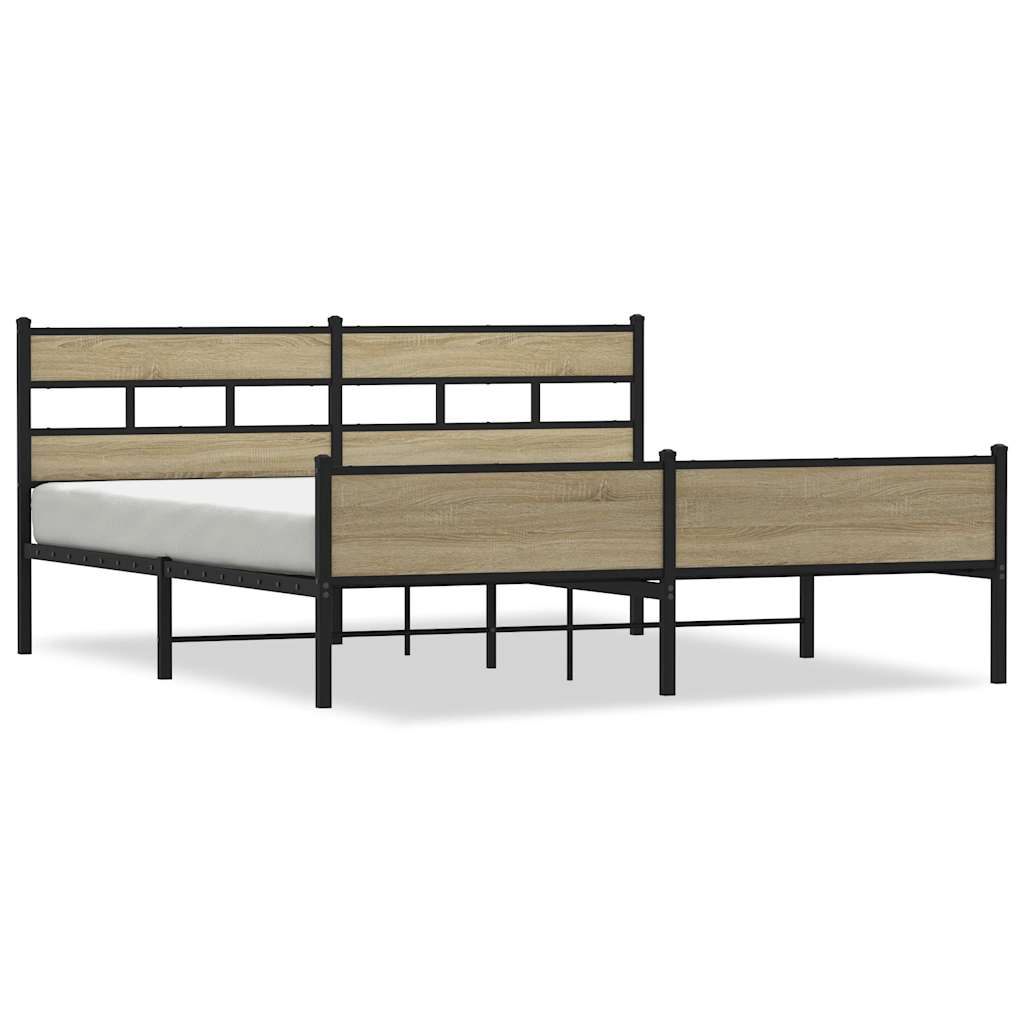Giroletto senza Materaso in Metallo Rovere Sonoma 180x200 cm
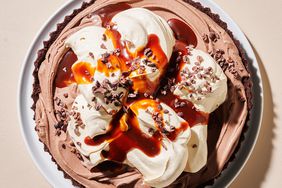 frozen cafe-mochaccino tart topped with cocoa nibs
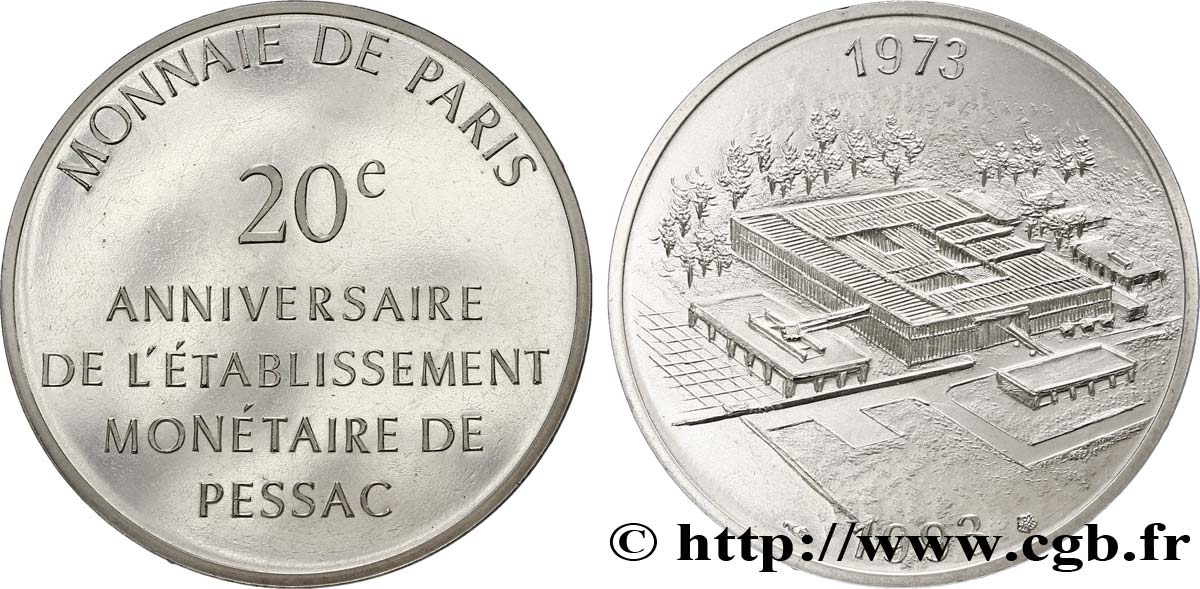 Module de 100 francs - 20e anniversaire de l’établissement monétaire de Pessac 1993 Pessac F.  MS63 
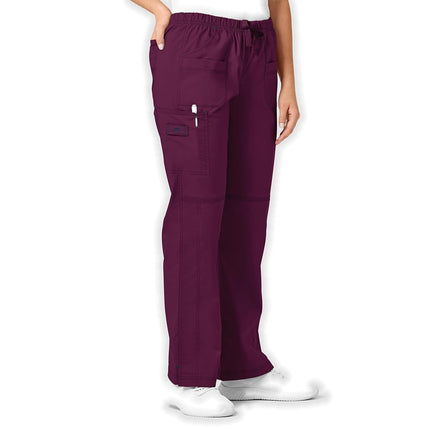 WonderWink 6208AWINXXS WonderFLEX Women's Patience Curved Notch-Neck Top, Wine, Standard-XXS Size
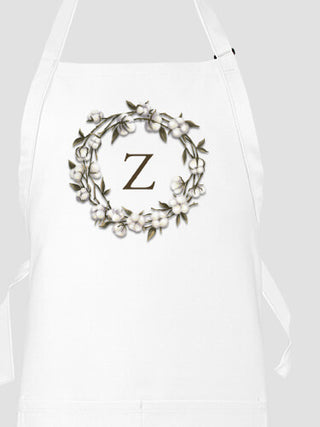 Cotton Wreath Monogram : Printed Aprons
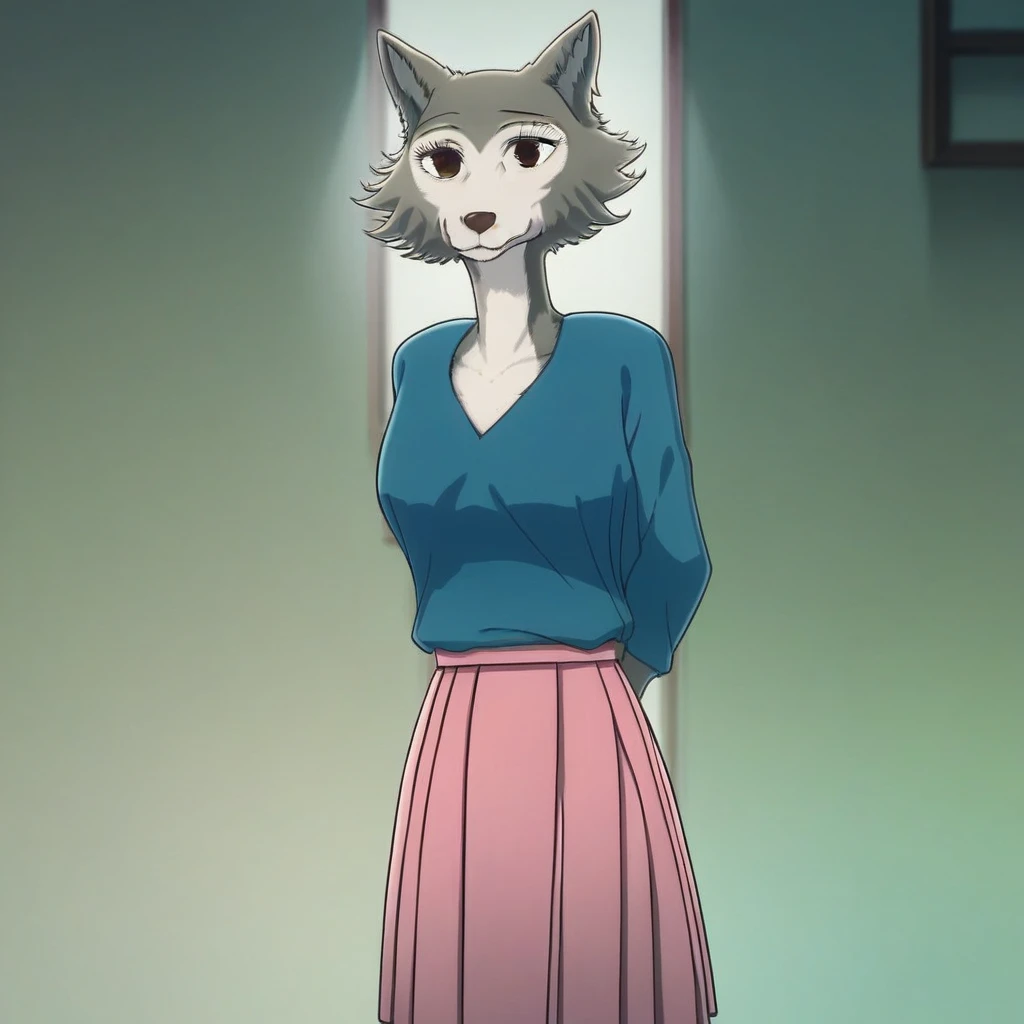 score_9, score_8_up, score_7_up, source_anime, perfect lighting, very aesthetic, intricate details, highly detailed background, high quality, prefect hands, best quality,s, 1girl, solo, leano, beastars, furry, anthro, wolf girl, grey fur, animal nose, wolf ears, brown eyes, standing, blue jersey, pleated pink skirt, standing, arms behind back, looking at viewer, smile, shy, living room, indoors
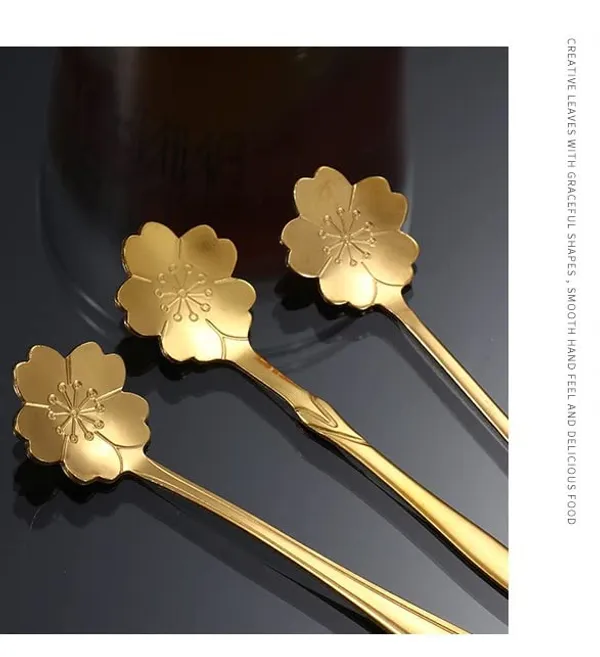 8_Pcs_Gold_Large_Flower_Coffee_Spoon_Stainless_Steel_For_Utensils_Cutlery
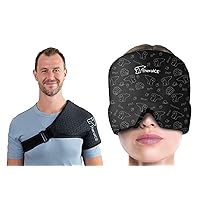 TheraICE Shoulder Ice Pack Wrap, Reusable Ice Pack for Rotator Cuff & Shoulder Pain Relief + Roll Over Image to Zoom in TheraICE Migraine Relief Cap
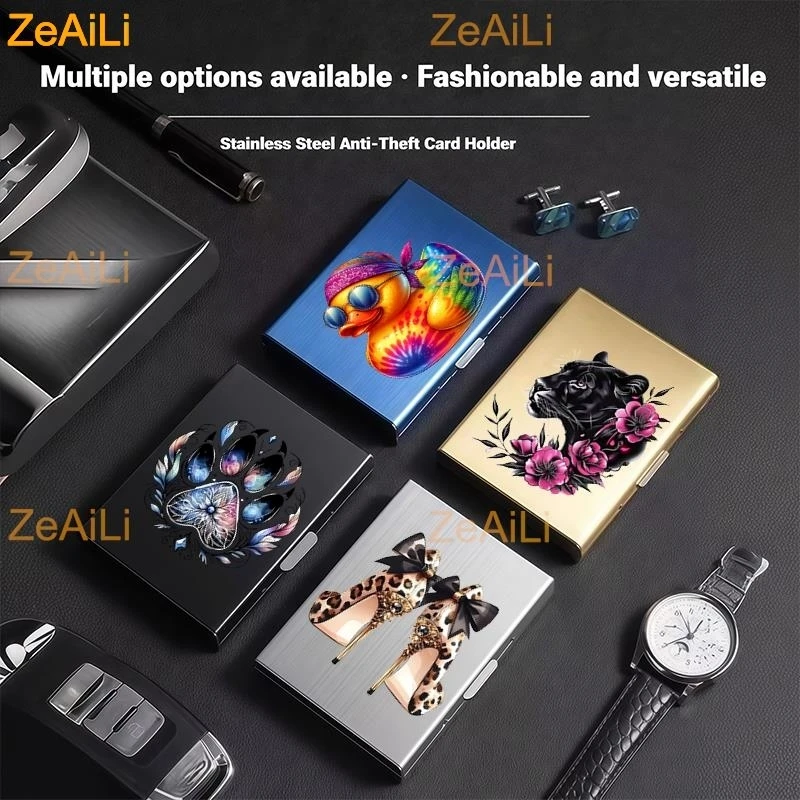 Noble Black Panther Sun Duck Wolf Claw Leopard Print 10Slot Aluminum RFID-Blocking Card Holder Unisex An Excellent Gift Choice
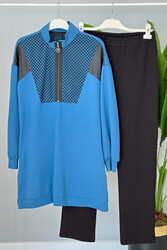 Lale Butik - Basic Trousered Suit with Mesh Detail 15020 Blue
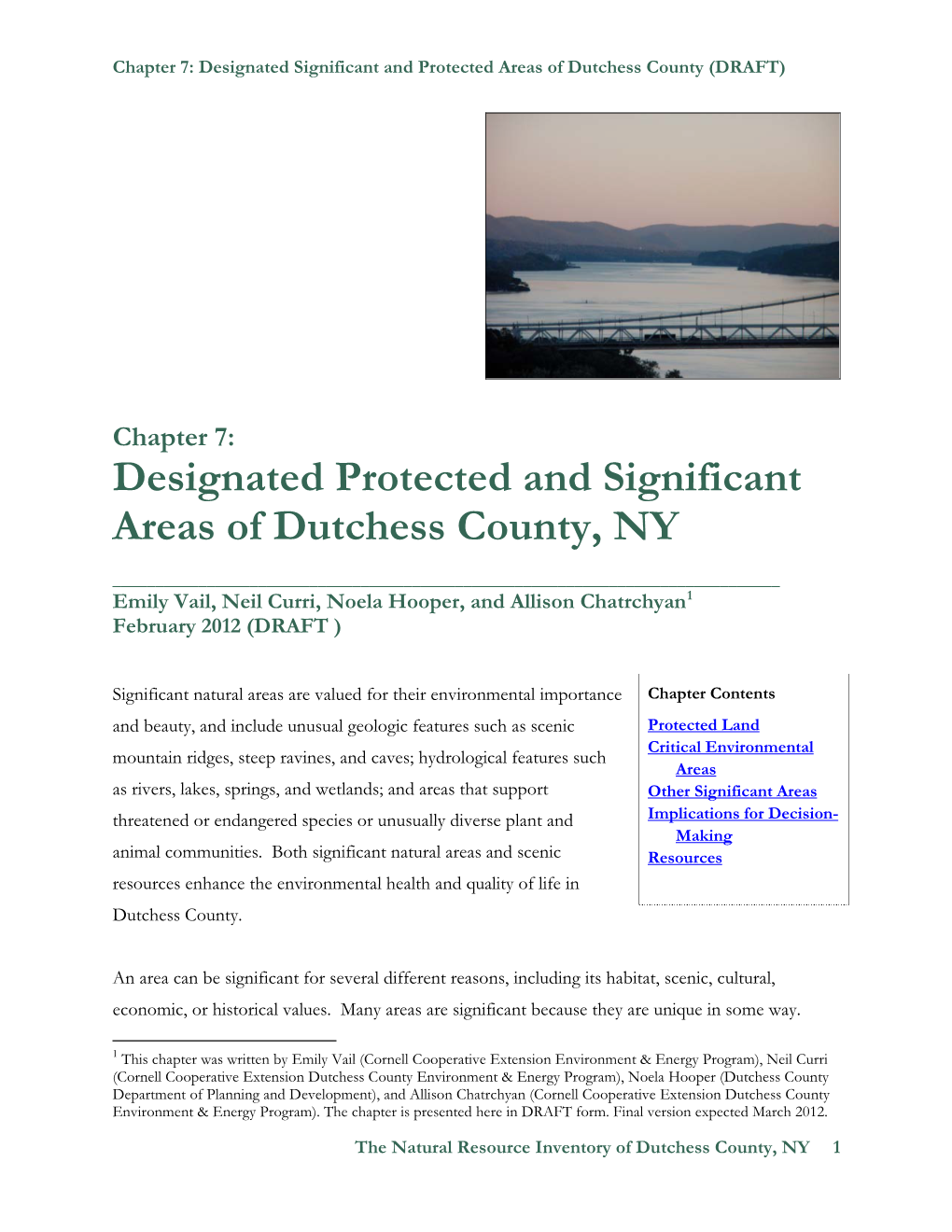 Designated Protected and Significant Areas of Dutchess County, NY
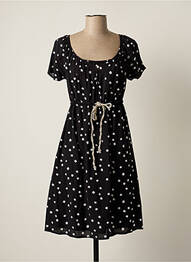 Robe mi-longue imprimé fleurs manches courtes noir POMKIN femme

Task instructions: Every line between the start of the listing and the line containing "TheraICE Shoulder Ice", both ends counted, needs to be printed exactly, minus the pictures.

Result:
Giroletto senza Materaso in Metallo Rovere Sonoma 180x200 cm
 frozen cafe-mochaccino tart topped with cocoa nibs
 Module de 100 francs - 20e anniversaire de l’établissement monétaire de Pessac 1993 Pessac F.  MS63 
 WonderWink 6208AWINXXS WonderFLEX Women's Patience Curved Notch-Neck Top, Wine, Standard-XXS Size
 Cotton Wreath Monogram : Printed Aprons
 score_9, score_8_up, score_7_up, source_anime, perfect lighting, very aesthetic, intricate details, highly detailed background, high quality, prefect hands, best quality,s, 1girl, solo, leano, beastars, furry, anthro, wolf girl, grey fur, animal nose, wolf ears, brown eyes, standing, blue jersey, pleated pink skirt, standing, arms behind back, looking at viewer, smile, shy, living room, indoors
 8_Pcs_Gold_Large_Flower_Coffee_Spoon_Stainless_Steel_For_Utensils_Cutlery
 TheraICE Shoulder Ice Pack Wrap, Reusable Ice Pack for Rotator Cuff & Shoulder Pain Relief + Roll Over Image to Zoom in TheraICE Migraine Relief Cap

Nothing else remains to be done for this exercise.